La gota que derramó el vaso fue hace dos semanas. Mariana llegó a casa con un moretón en el brazo y los ojos hinchados de tanto llorar. Me pidió dinero para irse unos días a casa de una amiga porque Julián le había gritado y aventado el teléfono contra la pared. Le di el dinero sin pensarlo dos veces. Pero al día siguiente volvió con él. Me llamó para decirme que todo había sido un malentendido y que Julián le había prometido cambiar.
Ahí fue cuando tomé la decisión más difícil de mi vida: no le daría ni un peso más mientras siguiera con ese hombre.
Cuando se lo dije por teléfono, Mariana explotó:
—¡Eres una mala madre! ¡Me estás dejando sola cuando más te necesito!
—No te estoy dejando sola, hija. Te estoy dando la oportunidad de salir adelante por ti misma. No puedo seguir ayudándote si eso solo te ata más a él—le respondí con la voz temblorosa.

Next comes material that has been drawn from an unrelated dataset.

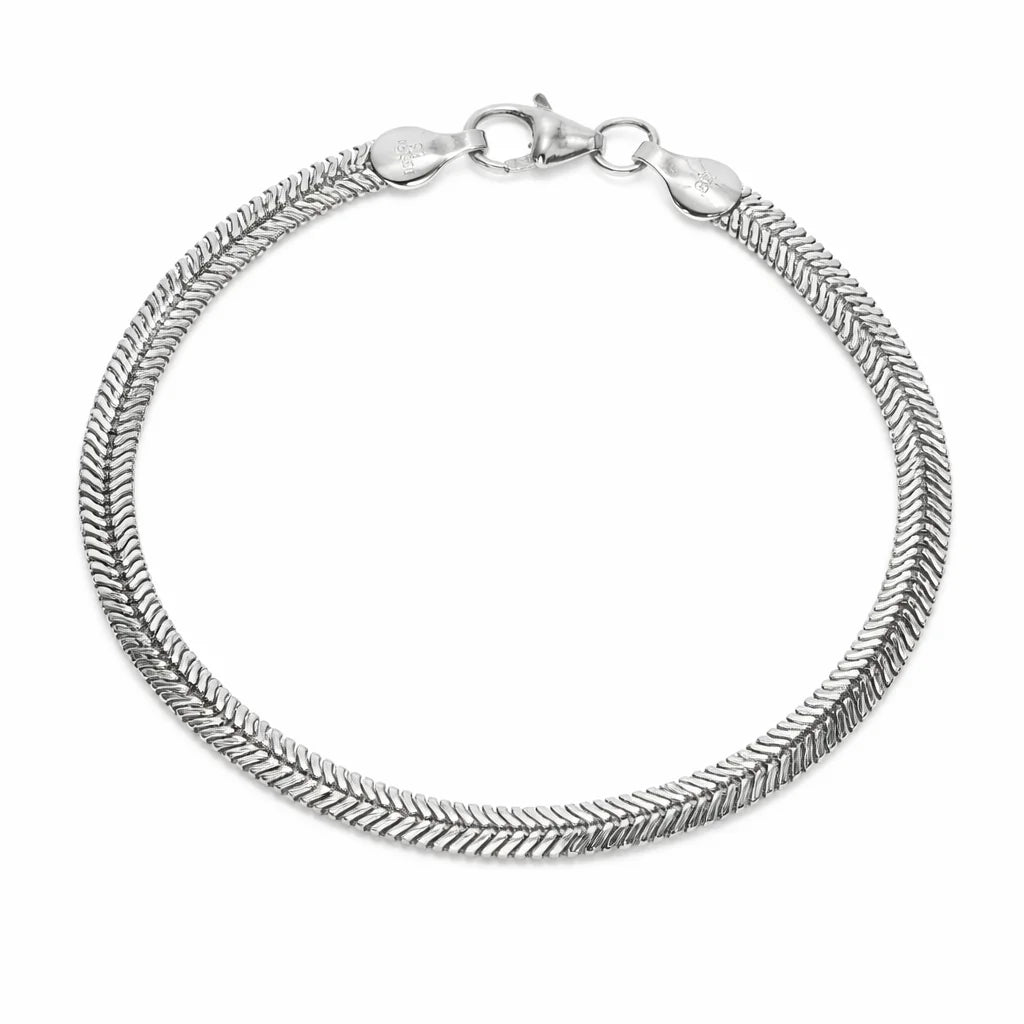 Sølv Flad Slange Armbånd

Colgó sin despedirse. Pasé toda la noche llorando y rezando para que entendiera que lo hacía por amor.
Los días siguientes fueron un infierno. Mariana no me contestaba los mensajes ni las llamadas. Mi hermana Rosa me decía que tuviera paciencia, pero yo sentía que me estaba partiendo en dos. En la fonda apenas podía concentrarme; quemé dos veces los frijoles y olvidé ponerle sal al arroz.

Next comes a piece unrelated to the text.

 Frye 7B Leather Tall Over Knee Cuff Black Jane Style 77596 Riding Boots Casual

Una tarde, mientras lavaba los trastes, escuché golpes en la puerta. Era Mariana. Venía con una maleta y los ojos rojos de tanto llorar.
—Mamá… ya no puedo más—me dijo apenas cruzó la puerta.
La abracé tan fuerte como pude y lloramos juntas largo rato. Me contó todo: los gritos, los golpes, las humillaciones, el miedo constante. Me pidió perdón por haberme culpado y por no haberme escuchado antes.
—No quiero volver con él nunca más—me dijo entre sollozos.
Esa noche dormimos juntas en mi cama como cuando era niña. Le preparé chocolate caliente y le prometí que esta vez sí estaríamos juntas en todo el proceso para salir adelante.
Ahora Mariana está buscando trabajo y va a terapia en un centro para mujeres víctimas de violencia aquí en Guadalajara. No ha sido fácil; hay días en los que se siente culpable o débil, pero poco a poco va recuperando su fuerza y su sonrisa.
A veces me pregunto si hice lo correcto al dejar de ayudarla económicamente mientras estaba con Julián. ¿Fue crueldad o amor? ¿Hasta dónde debe llegar una madre para salvar a su hija sin perderla para siempre?
¿Ustedes qué harían en mi lugar? ¿Dónde está el límite entre ayudar y hundir más a quienes amamos?